My pub quiz team won a Christmas hamper a couple of weeks ago - not a luxury one by any means, but still well stocked with food and drink.

As there are six of us (from four different households), it actually worked quite well: each of us got to choose a few items we actually wanted. I took a bottle of champagne, a jar of marmalade and a Christmas cake. Amazingly, one of my teammates actually wanted the lobster bisque soup.

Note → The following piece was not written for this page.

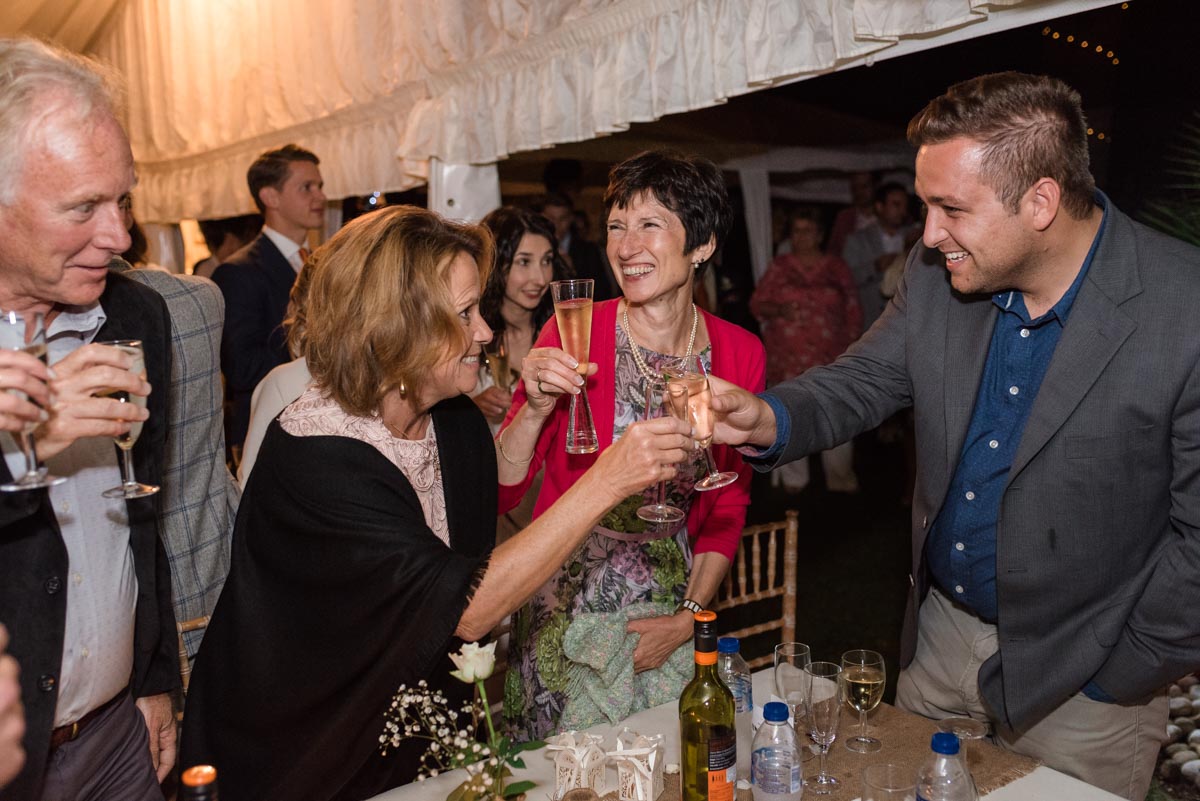 Photograph of wedding guests toasting Claire and Stefan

So maybe they should market hampers as: ‘perfect for a disparate group of people to share out among themselves.’

Jon Peake said...

Yes Tim T, we had one sent into the office a while back and we divvied it up accordingly and it worked quite well. I got the parkin.

Clair said...

Being single, my particular festive bugbear is one of those mini-hampers with everything in it for one person. Because at this time of year, when the suicide rate is at its highest, I like nothing better to be reminded that I am alone in the world via the medium of tiny pots of jam and a packet of five tea bags.

Jon Peake said...

They should ban those. And while they're at it they can ban Christmas pudding because I don't like it.

Cocktails said...

You can always make your own for your nearest and dearest. I got talking to 'an old dear' in the supermarket recently and she was buying 3 massive jars of Nescafe Gold Blend and some 5 pack tins of Sainsburys tuna for Christmas hampers for her 3 children. She recommended that I do the same. Perhaps you should too!